** DATASET EXTRACT follows **
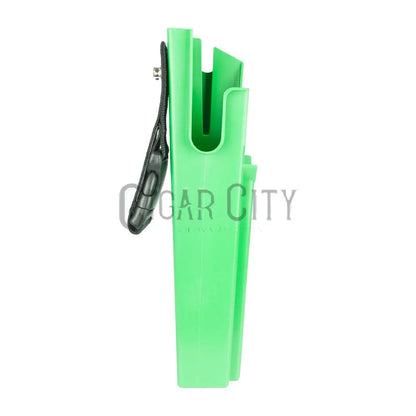 Unger Classic Bucket on a Belt WindowCleaner.com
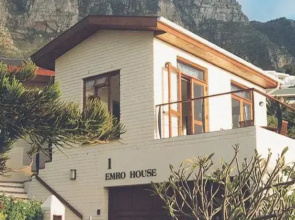 Emro House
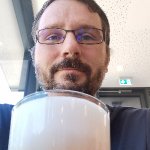 Damian Neustadt an der Weinstraße
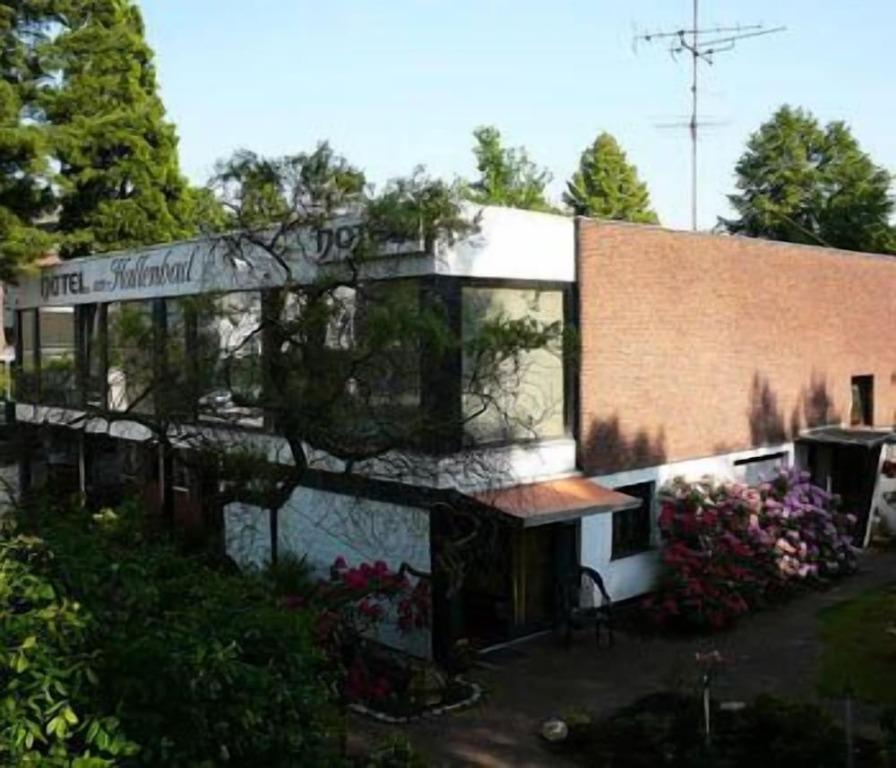 hotel image 18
** End of DATASET EXTRACT **
- _WHAT THE TASK REQUIRES_:
Leave out the pictures, then return every line of the data exactly.

- _TASK ANSWER_:
 Unger Classic Bucket on a Belt WindowCleaner.com
 Emro House
 Damian Neustadt an der Weinstraße
 hotel image 18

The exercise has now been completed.